Gubernur mengatakan dia tidak bisa ditekan untuk memberikan persetujuan terhadap proses yang “yang secara prima facie tampaknya inkonstitusional dan ilegal”.

Sementara itu, Kongres pada hari Rabu menuntut agar Pusat mengingat kembali Gubernur Koshyari yang menuduhnya menghalangi berfungsinya pemerintahan MVA di negara bagian tersebut.

Presiden Kongres Maharashtra Naseem Khan mengatakan meski memegang jabatan konstitusional, Koshyari berperilaku seperti pemimpin partai politik.

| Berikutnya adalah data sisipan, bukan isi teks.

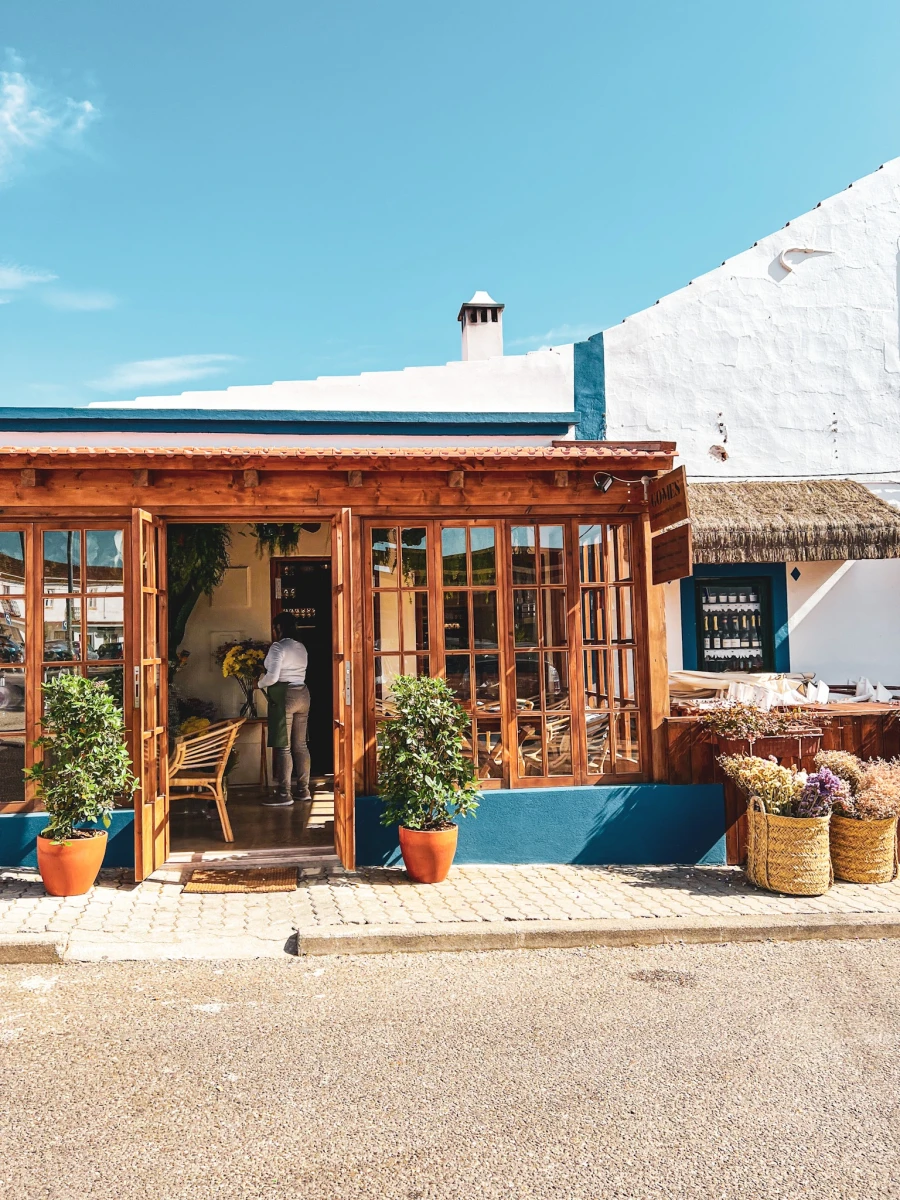 Be Comporta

Raj Bhavan menghadirkan hambatan dalam berfungsinya pemerintahan MVA. Gubernur harus dipanggil kembali, katanya, seraya menambahkan bahwa gubernur dengan sengaja menghalangi pemilihan ketua Majelis selama sesi musim dingin yang berakhir pada Selasa.

Gubernur belum menyetujui 12 nama tersebut ke Dewan Legislatif melalui kuotanya, bahkan setahun setelah rekomendasi kabinet, kata Khan.